Major Tech Companies Take Sides in Battle Over Update To ECPA
By: Matthew Shore
From industry to civil rights groups, many sides are now lining up against the government in the fight to bolster the Electronic Communications Privacy Act. Google, Twitter and other tech companies recently sent a letter to House Judiciary Committee Chairman Robert Goodlatte and Ranking Member John Conyers, asking that Congress give consideration to the Email Privacy Act. The act, which would be an update to the Electronic Communications Privacy Act, “would make it clear that, excepting emergencies, the government needs a warrant to compel a service provider to disclose the content of emails, texts or other private user material stored in the cloud by the service provider.”

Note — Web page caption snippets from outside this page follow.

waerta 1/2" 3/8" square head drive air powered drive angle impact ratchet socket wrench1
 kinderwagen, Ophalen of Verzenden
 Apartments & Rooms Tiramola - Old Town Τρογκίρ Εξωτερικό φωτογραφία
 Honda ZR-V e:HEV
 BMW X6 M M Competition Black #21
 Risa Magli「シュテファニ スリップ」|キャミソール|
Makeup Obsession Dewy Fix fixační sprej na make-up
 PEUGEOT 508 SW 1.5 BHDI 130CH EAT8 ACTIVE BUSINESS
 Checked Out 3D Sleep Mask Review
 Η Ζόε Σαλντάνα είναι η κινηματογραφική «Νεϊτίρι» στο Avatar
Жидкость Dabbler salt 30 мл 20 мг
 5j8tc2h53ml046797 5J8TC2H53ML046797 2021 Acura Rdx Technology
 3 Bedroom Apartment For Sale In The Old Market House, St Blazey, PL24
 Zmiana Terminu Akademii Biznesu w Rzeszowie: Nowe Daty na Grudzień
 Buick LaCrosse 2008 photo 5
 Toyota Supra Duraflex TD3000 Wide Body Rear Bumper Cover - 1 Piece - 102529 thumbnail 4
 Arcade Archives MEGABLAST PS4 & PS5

In the Sixth Circuit opinion United States v. Warshak, Judge Boggs stated that “[t]he government may not compel a commercial ISP to turn over the contents of a subscriber’s emails without first obtaining a warrant based on probable cause.” This seems to line up with the goal of the Email Privacy Act. However, supporters note that there have also been conflicting rulings, which has left both the government and service providers in an uncertain position.
While service providers may be looking for guidance in how to act, and protection of their customers, the government’s interest is in protecting its citizens. Advocates for digital privacy, in pushing for the Act, can point to the extent of our lives that now exist in our emails, texts and information in the cloud. Government actors have an argument that this is the very reason that the government needs the ability to access this information easily. Much of the planning by terrorists occurs outside of the old methods of surveillance and the government must be able to act quickly, if need be.